A night out with Chrissy Teigen

Credit: AN RONG XU

Credit: AN RONG XU

As she sauntered along Mulberry Street during the Feast of San Gennaro last month, Chrissy Teigen paused to sample a heaping platter of funnel cakes from one of the myriad food stalls.

“Oh, that’s John Legend’s wife,” the vendor murmured to his colleague inside, just audibly enough to rile her.

Teigen shot back with a chilly smile: “Guys, you’re talking about me like I’m not here. I’m right here.” (Teigen added an expletive for good measure.)

Here, there and everywhere, it seems. She has parlayed her status as a Sports Illustrated cover model and, yes, the bracingly irreverent wife of a singing star into that of a pop culture fixture.

A natural comic, she is a voluble and engaging presence on Twitter, Instagram and her food blog, So Delushious, which is punctuated with profanity-larded recipes and, on occasion, a naked selfie.

Along with LL Cool J, she hosts “Lip Sync Battle” on Spike, mugging shamelessly as she mouths the words to standards and pop tunes. She is also a regular contributor to TMZ, MTV and VH1, among others, and only last week spoke candidly on E! News and “FABLife,” her new show, about her struggle to conceive, her comments picked up on People.com.

She has certainly had a hand in the success of the “FABLife,” the ABC daytime round table moderated by Tyra Banks, on which Teigen prepares dishes from her Thai mother’s kitchen. The show, according to Nielsen, has been a hit around the country.

Teigen was very much on view at the San Gennaro feast, a rangy, apple-cheeked magnet to passers-by. She had made sure that she would be, wearing a cream-colored Antonio Berardi tunic over the briefest frayed denim shorts and thigh-clutching Altuzarra boots. She toted, she imparted knowingly, “my Faye bag — it’s Chloé.”

“I was debating a leather jacket, but the heat nixed it,” she said over a lemonade as she settled at a corner table at Seamore’s, the thrumming seafood restaurant on Broome Street.
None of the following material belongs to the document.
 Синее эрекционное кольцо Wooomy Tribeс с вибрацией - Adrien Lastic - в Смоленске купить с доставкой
Almost instantly, the procession caught her eye.

“Oh, here’s the saint,” she said breathlessly, as San Gennaro’s painted effigy passed. “The last time I saw him, people were throwing money.”
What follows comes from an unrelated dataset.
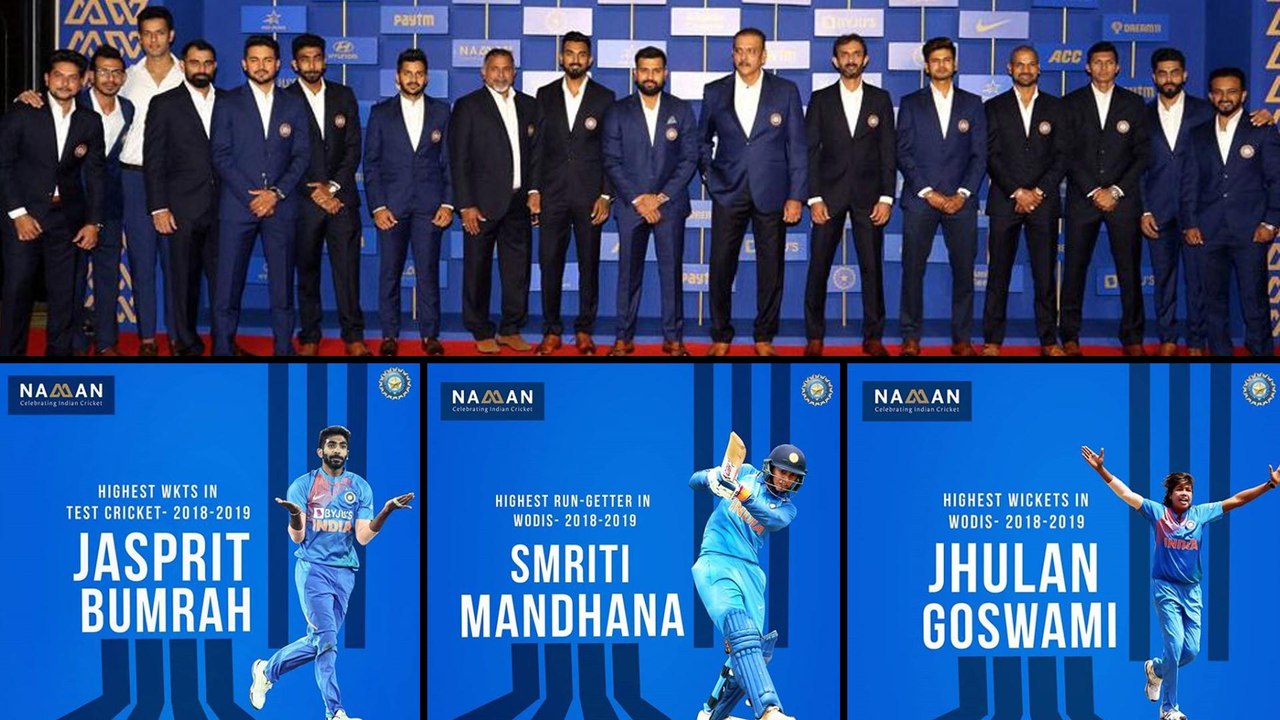 Naman Awards : Jasprit Bumrah, Smriti Mandhana, Jhulan Goswami Claim Top BCCI Awards || Oneindia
The festival and Little Italy itself captivate the 29-year-old Teigen, who lives in its cacophonous heart. “In the summer this place looks like the Jersey Shore: all tans and flip-flops,” she said. “I like the excitement, people buying things, the fried Twinkies and doughnuts.
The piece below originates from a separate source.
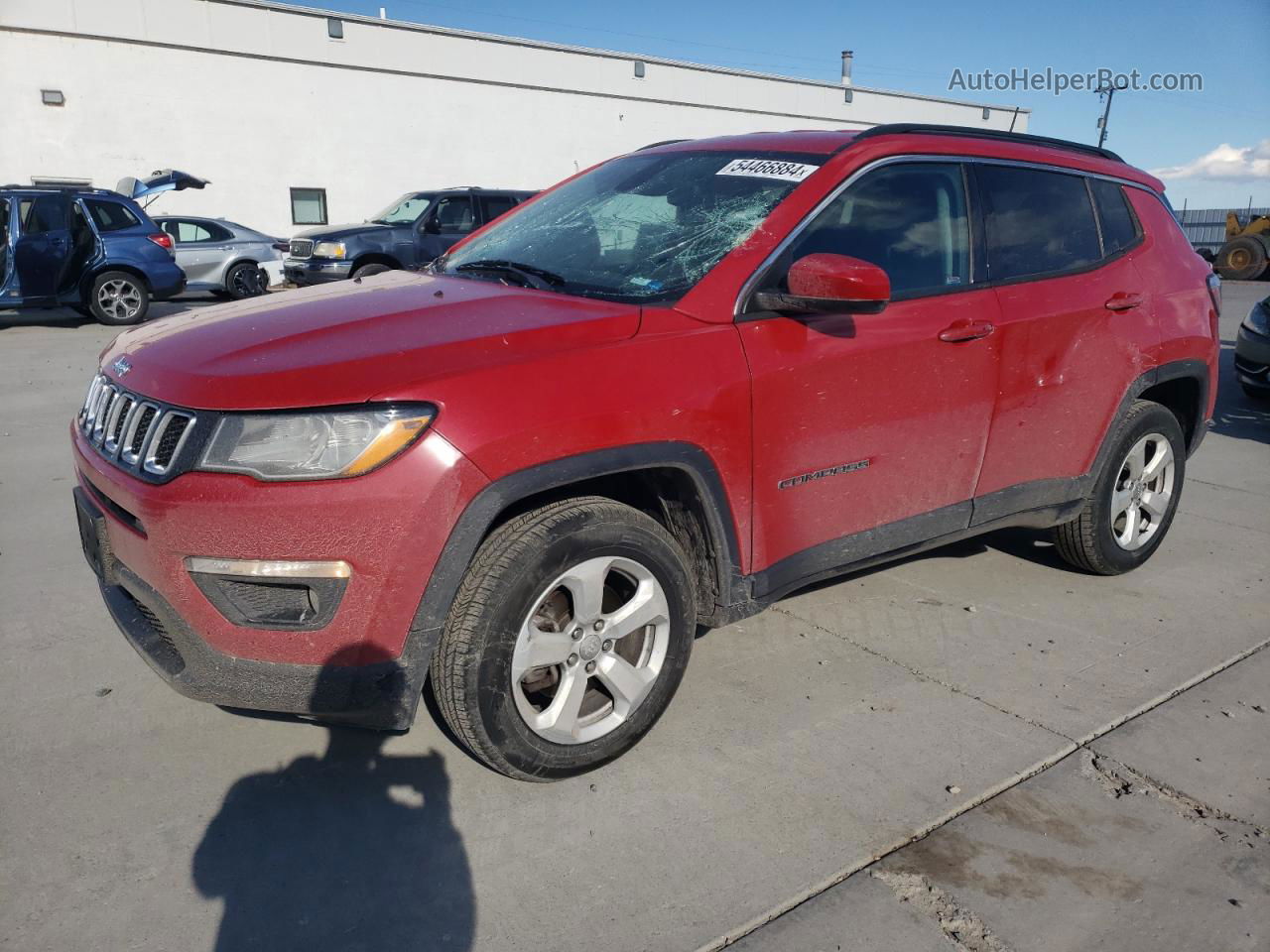 2018 Jeep Compass Latitude Красный vin: 3C4NJDBB4JT455611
“I’m like a kid who comes to an amusement park. All that’s missing is a petting zoo.”

Her real-life petting zoo consists of the bulldogs she shares with Legend, which turn up routinely on her Instagram account. “Before a dog in bed gets you all riled up, just know that we stink equally,” read one recent post. Such unfiltered remarks bolster her reputation as outspoken and refreshingly real.

An earlier post, a raw-looking snapshot of her thighs, bluntly captioned, “Bruises from bumping kitchen drawer handles for a week. Stretchies say hi!” was even more instrumental in building her rabidly loyal female following.

On the street, just the same, Teigen attracts low whistles and catcalls. “It’s so weird to hear, like, ‘baby,’ from a man,” she said, perhaps a bit naively. “I’ve just never been that girl.”

Female viewers are the target audience for “FABLife.” As the show’s food stylist, Teigen shares the spotlight with Banks and Joe Zee of Yahoo Style, who weighs in each day as the fashion pundit.

Female viewers will be the likely target as well for “Ordinary People,” a romantic comedy being produced by Teigen and Legend for ABC. The show will have musical elements inspired loosely by the couple’s relationship.

Such a roster of commitments leaves little time for modeling. Not that Teigen — who has had stints as a catalog girl and, at the more lustrous end of the business, assignments for W magazine — is wringing her hands.

“Modeling was never a passion,” she said. “I don’t like the constant fittings. The hair and makeup takes 20 times longer than the shoot.”

“I find myself dreading it,” she added. “For a week before any shoot, I would wake up and count the days. Besides, you can’t love food as much as I do and then be looking at pictures of yourself.”